There is a right and a wrong way to do buybacks. From Lance Roberts at realinvestmentadvice.com:

Warren Buffett defended stock buybacks in Berkshire Hathaway’s annual letter, pushing back on those railing against the practice he believes benefits all shareholders.

“When you are told that all repurchases are harmful to shareholders or to the country, or particularly beneficial to CEOs, you are listening to either an economic illiterate or a silver-tongued demagogue (characters that are not mutually exclusive).”

The media latched on to this quote with both hands, apparently not taking the time to read what Warren Buffett actually wrote in his annual letter. (Emphasis mine.)

“The math isn’t complicated: When the share count goes down, your interest in our many businesses goes up.

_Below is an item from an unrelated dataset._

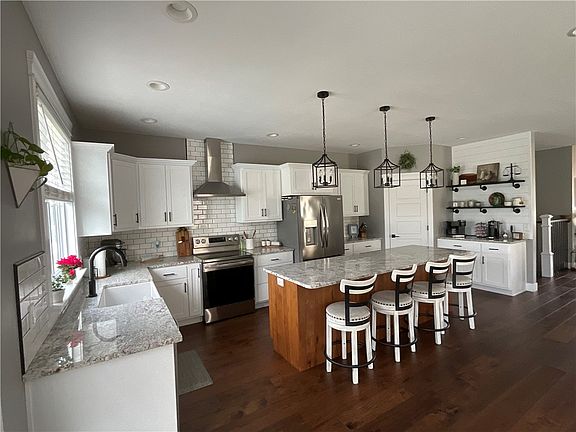 3rd image of 1612 Hunters Pointe Ct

Every small bit helps if repurchases are made at value-accretive prices.

Just as surely, when a company overpays for repurchases, the continuing shareholders lose. At such times, gains flow only to the selling shareholders and to the friendly, but expensive, investment banker who recommended the foolish purchases.

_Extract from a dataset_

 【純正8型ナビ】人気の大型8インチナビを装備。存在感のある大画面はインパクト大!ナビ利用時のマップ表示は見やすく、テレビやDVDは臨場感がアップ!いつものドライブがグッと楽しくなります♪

Gains from value-accretive repurchases, it should be emphasized, benefit all owners – in every respect.”

Mr. Buffett is correct that if repurchases are done at a “value-accretive” price, they can benefit all shareholders by increasing the size of their ownership in the company. Unlike the mainstream narrative, this is NOT a “return of capital to shareholders,” but just the opposite of a shareholder dilution.

Unfortunately, while the mainstream media quickly jumped on those opposed to share repurchases, their lack of reading what Mr. Buffett stated is critically important to what is happening in the financial markets today.